The England and Wales Cricket Board announced on Tuesday that former Yorkshire player and bowling coach Richard Pyrah had told officials he would not be attending, joining Andrew Gale, Matthew Hoggard, Tim Bresnan and John Blain in declining to take part. An independent cricket discipline commission panel will still hear the charges against those five in their absence.
The other man charged, Gary Ballance, who made a Test hundred on his debut for his native Zimbabwe on Tuesday after a career as an England batsman, has admitted a charge of using racially discriminatory language and will not appear, the ECB said.
The ECB revealed Yorkshire had also admitted to four charges, meaning nobody from the club would be required to attend the hearing.
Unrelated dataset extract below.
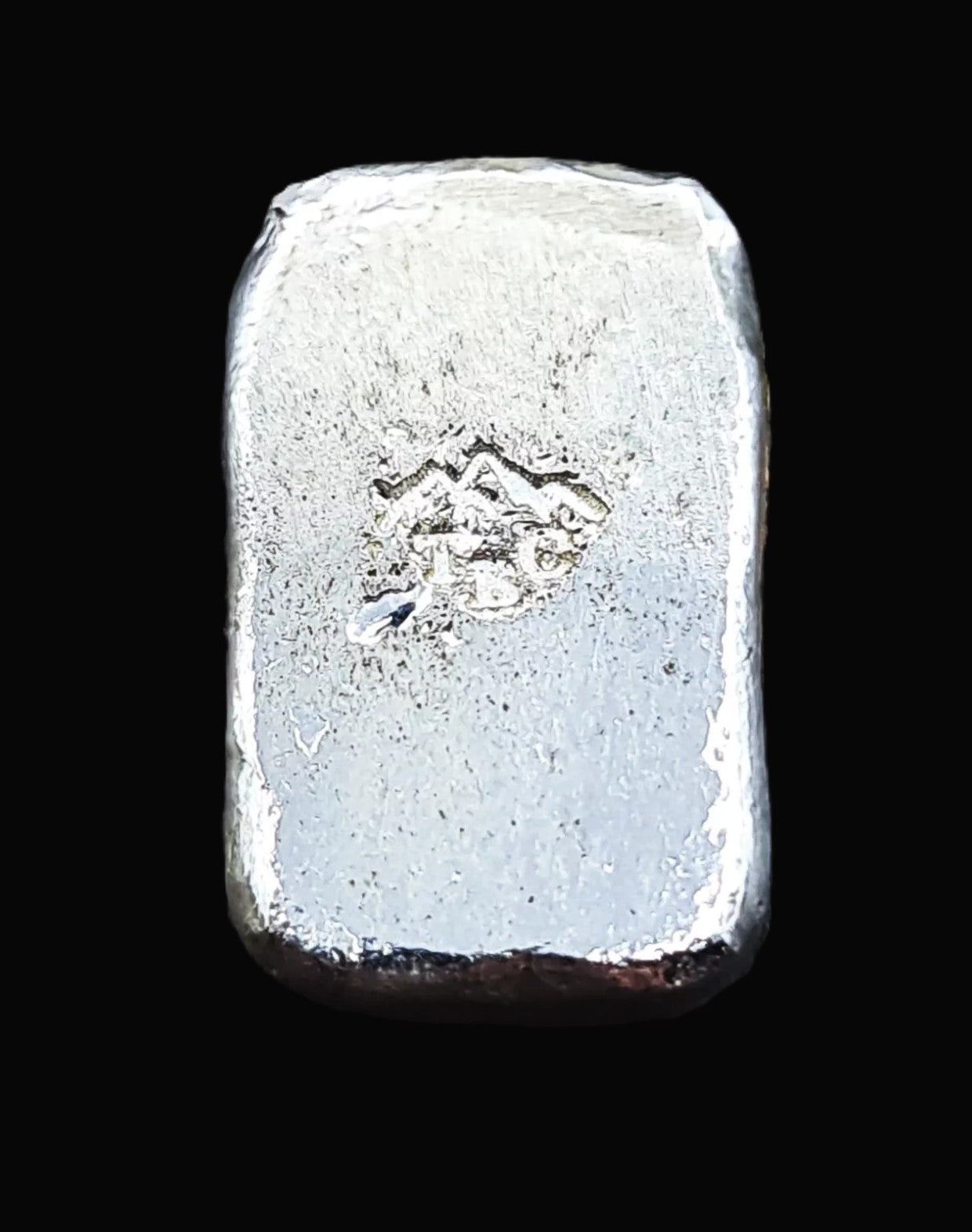 Back view of a 10g fine silver (999FS) bar, featuring a stamped TBC mountain range maker’s mark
Rafiq, 31, first raised allegations of racism and bullying in September 2020, related to his two spells at Yorkshire.
A report from the club the following year found that Rafiq had suffered “racial harassment and bullying” but no player or employee faced disciplinary action, sparking widespread criticism.
Pakistan-born Rafiq has previously alleged Vaughan told him and a group of other players of Asian ethnicity there were “too many of you lot, we need to do something about it” during a huddle before a Yorkshire match in 2009.
England’s Adil Rashid and Pakistan’s Rana Naved-ul-Hasan have corroborated Rafiq’s account of the incident, but Vaughan, 48 has repeatedly denied the allegation.
Rafiq told a British parliamentary committee in December 2022 that the abuse he and his family had faced had forced him to move to Pakistan.
He has consistently called on the CDC hearings to take place in public, with the ECB confirming that reporters will be permitted to view and report on a live feed of the hearing. Hoggard told the BBC the ECB’s disciplinary procedures had “failed everybody”.